I had some frozen sweet potatoes sitting in my freezer (hey, doesn’t everyone?) and since I’m the queen of turning leftover food into more food I decided to use it as a base for a cake. I made pumpkin bread last week and thought why not take the same approach with sweet potatoes. Sweet potato is not as intense as pumpkin, you can’t even tell it’s in there but it is very good vehicle for translating the flavors of warm autumn spices. I sprinkled in a light brown sugar and cinnamon “streusel” to add more cinnamon spice and finished the cake with a cream cheese glaze/frosting. It was divine! I swear I’m not on their payroll but Trader Joe’s does make a very convenient frozen mashed sweet potato that is perfect for recipes like this. The sweet potatoes are unsalted and come in frozen pellet form that can be easily thawed over the stove or in a microwave. This recipe can also be a good way to use up leftover sweet potatoes come Thanksgiving time (provided it’s not too savory or salty). It’s important to measure the sweet potatoes as too much will yield a very different consistency with your cake.
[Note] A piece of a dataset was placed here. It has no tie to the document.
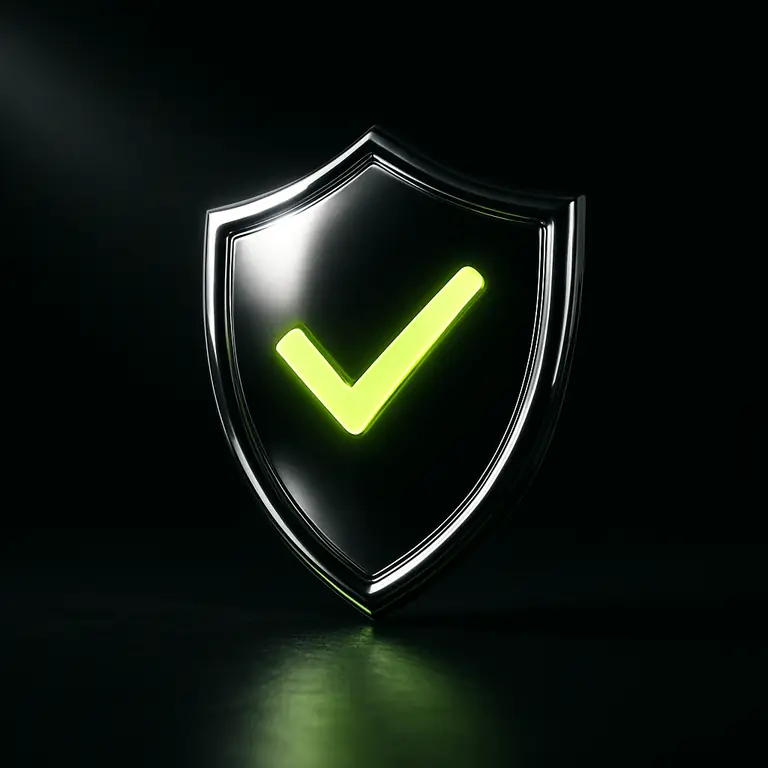 Chrome shield with a glowing lime verified checkmark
RECIPE (ADAPTED FROM OH SWEET BASIL)

CAKE INGREDIENTS

  • 2 cups sugar

  • 1 cup canola or vegetable oil

  • 3 large eggs

  • 2 teaspoons vanilla extract

  • 3 cups all-purpose flour

  • 1 teaspoon baking soda

  • 1 teaspoon baking powder

  • 2 teaspoons cinnamon

  • 1 teaspoon ground ginger

  • 1/2 teaspoon ground nutmeg

  • 1/4 teaspoon ground cloves

  • 1/2 teaspoon salt

  • 2 cups cooked mashed sweet potatoes (I’m not sure how canned sweet potatoes would work)

CINNAMON SUGAR SWIRL

  • 1/2 cup light brown sugar

  • 1 teaspoon cinnamon

  • 1 tablespoons chilled butter

Mix all ingredients together and set aside

CREAM CHEESE FROSTING

  • 4 oz. cream cheese softened

  • 1 cup powdered sugar

  • 2 teaspoons vanilla extract

  • 2 tablespoons milk

BAKE THE CAKE

Heat oven to 350 degrees F. Butter and flour a 12 cup bundt pan or coat it with nonstick spray.

In a large bowl, whisk together sweet potatoes, oil, eggs and sugar until smooth. Sprinkle baking powder, baking soda, salt, cinnamon, nutmeg, ginger and cloves over batter and whisk until well-combined. Add flour and stir with a spoon, just until mixed. Spread half the into prepared pan, sprinkle the cinnamon sugar and then spread the remaining batter over it.

Bake bread for 60 to 65 minutes until a tester poked into all parts of cake come out batter-free.

GLAZE THE CAKE

Mix all the ingredients for the cream cheese glaze and drizzle over cooled cake.